20年以上前に始まったとされる。施設を運営する社会福祉法人の理事長は、本人や家族と話し合っているとして「強制は一切ない」と強調している。
障害者カップルによる子育てが困難だと指摘した上で、不妊処置を提案し、同意を得たという。
仮に、子どもが欲しいとの意向が示された場合は、「支援できない」と伝えると説明している。
不妊処置は体への負担が大きい。同意を迫るような状況があったとすれば問題だ。
生活支援が欠かせない障害者にとって、施設側の意向を拒むのは難しい。グループホームのある地域は過疎化が進んでおり、利用できる施設は限られている。
北海道は社会福祉法人に対し、障害者総合支援法に基づく監査を始めた。当事者や家族、職員から事情を聴くという。
どのような対応がなされていたのか、説明や話し合いは丁寧に行われていたのか。

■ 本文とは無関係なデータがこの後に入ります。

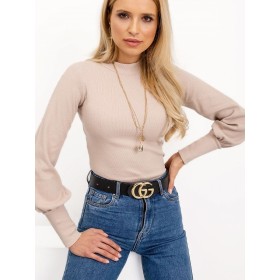 Chemisier model 168202 Rue Paris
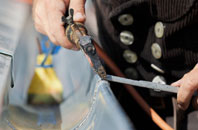 Stackpole lead roof quotes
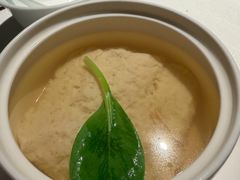 -许家菜(DT51店)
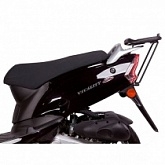 Крепления кофра центрального Shad K0VT53ST Kymco Vitality 50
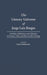The Literary Universe of Jorge Luis Borges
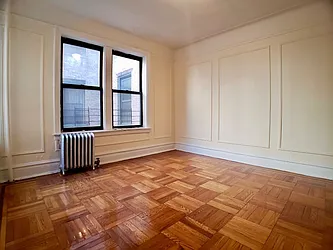 Rented by Sovereign Associates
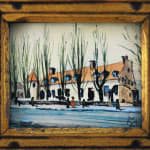 Thumbnail of additional image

実態を明らかにする必要がある。
障害者の子育てを支える仕組みが整っていないのは確かだ。
そもそもグループホームは成人を入居対象としており、出産して子どもと一緒に暮らすことは想定されていない。
施設を出て、ヘルパーの助けを借りながら、子育てをしている人たちもいる。ただ、民間団体や周囲の献身的な協力がなければ難しい。公的な支援制度の構築が急務である。
子どもを産むかどうかを自分たちで決めることは、全ての人に保障された権利だ。
「リプロダクティブ権」と呼ばれ、基本的人権の一つとして、世界的に認識されてきている。
日本には1996年まで、強制的な不妊手術を可能にする優生保護法があった。
障害者の恋愛や性について、タブー視するような風潮は根強い。過去には、性教育に取り組む養護学校がバッシングを受ける事態も起きた。
誰もが安心して出産、育児ができる社会にしなければならない。共生の意識を高める必要がある。